Le groupe NSO,
fabricant du tristement célèbre logiciel espion Pegasus, licencie plus de 10 %
de ses employés, tandis que le PDG Shalev Hulio va se retirer et se concentrer
sur la recherche d'un acheteur pour la société.
Shalev Hulio (Haifa,
1979), le “S” de NSO (le “N” est pour Niv Karmi et le “O” pour Omri Lavie, les 2 cofondateurs)
NSO Group, la société israélienne de cyberguerre
connue pour son tristement célèbre logiciel espion Pegasus, licencie une
centaine de personnes et remplace son PDG, a confirmé un porte-parole de la
société.
Le PDG Shalev Hulio, l'un des trois cofondateurs de
NSO, quitte son poste et s'attachera désormais à trouver un acheteur pour la
société, après l'échec d'un accord visant à la vendre à l'entrepreneur de
défense usaméricain L3Harris, en raison de l'opposition des responsables usaméricains
et israéliens. Yaron Shohat, qui était directeur des opérations, prendra la
place de Hulio.
NSO a déclaré qu'elle allait également se séparer
d'une centaine de ses 750 employés, soit environ 13 % de son personnel.

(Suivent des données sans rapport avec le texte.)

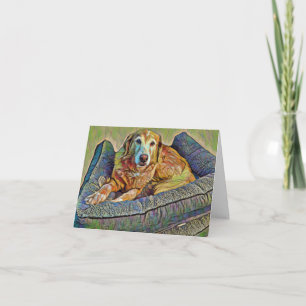 Golden Retriever Chilling Out Folded Greeting Card
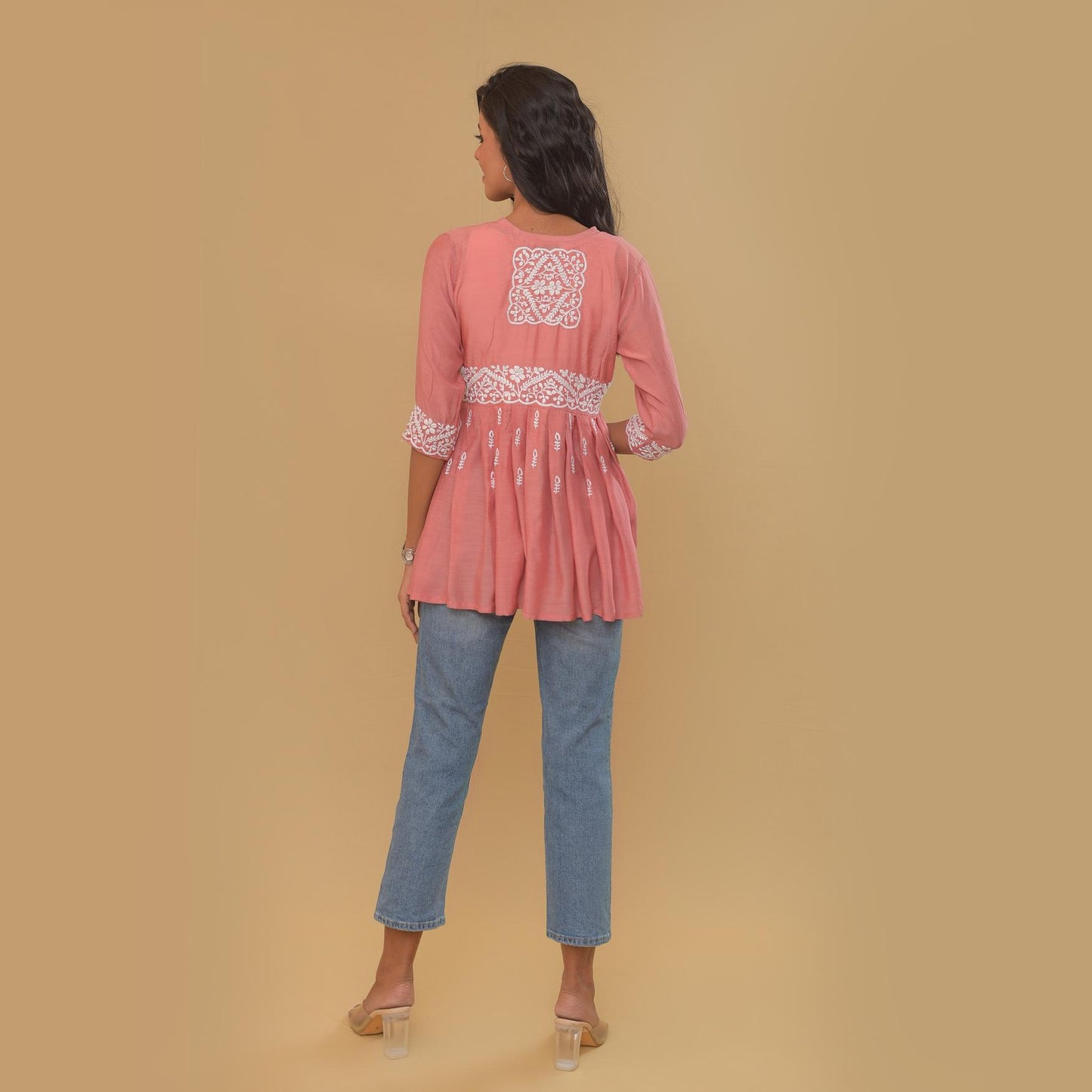 Pink Pleated Chikankari Shrug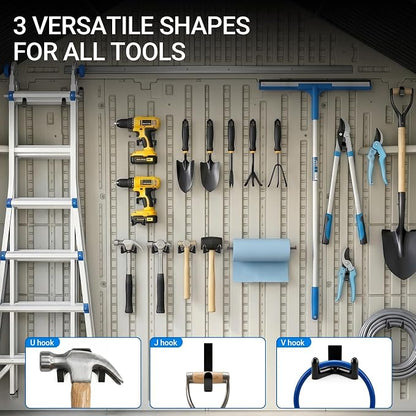 Storage Sheds Hooks J U V-Shape Hangers Tool Set for Suncast/Craftsman Shed Storage Accessories (12)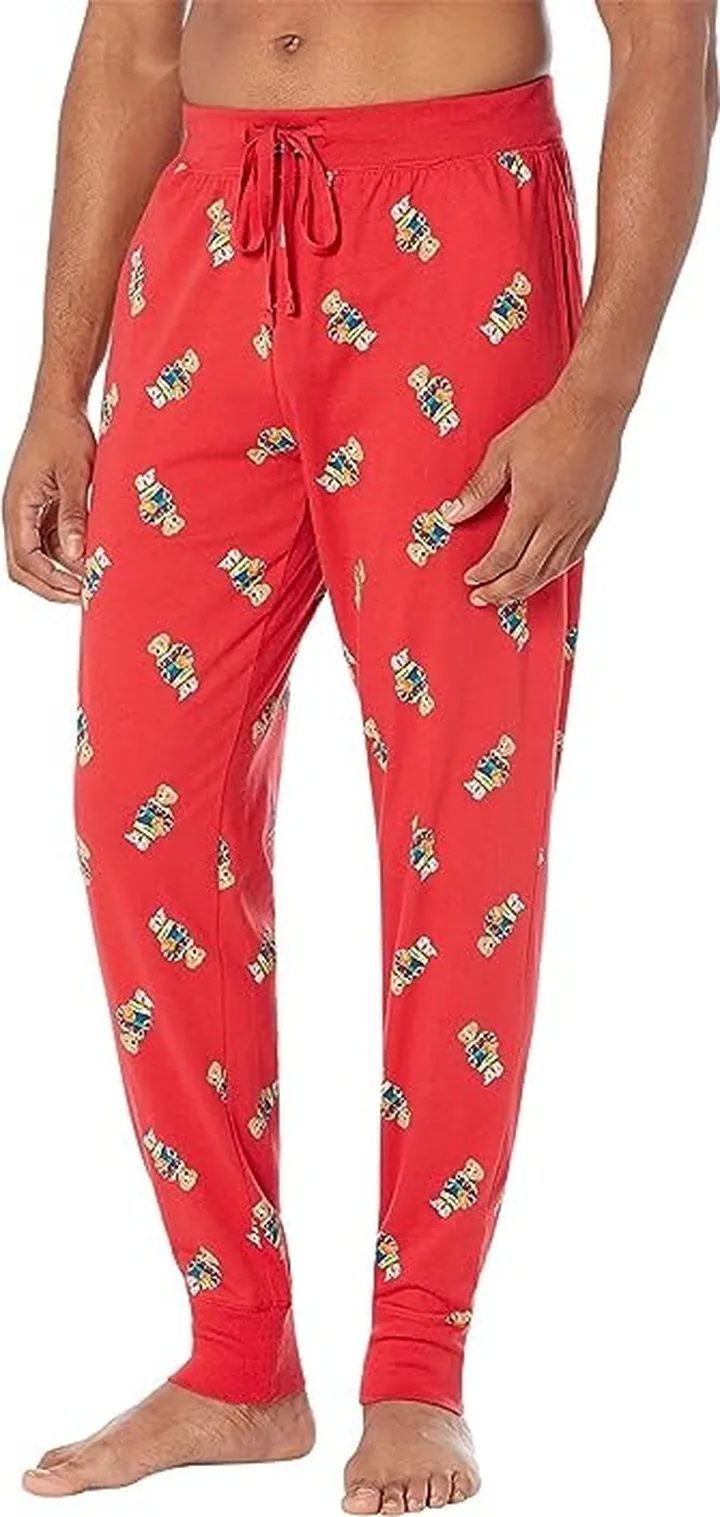 Polo Ralph Lauren Rib Waistband Knit Sleepwear Joggers (RL2000 Red Active Bear All Over Print) Men's Pajama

La cyberentreprise affirme qu'elle prévoit de terminer
l'année en cours avec un chiffre d'affaires de 150 millions de dollars, mais
elle est en grande difficulté financière depuis que le ministère usaméricain du
commerce l'a placée sur sa liste noire en novembre dernier, après qu'il a été
révélé que certains États africains utilisaient le logiciel Pegasus pour
espionner les fonctionnaires du département d'État US en Afrique.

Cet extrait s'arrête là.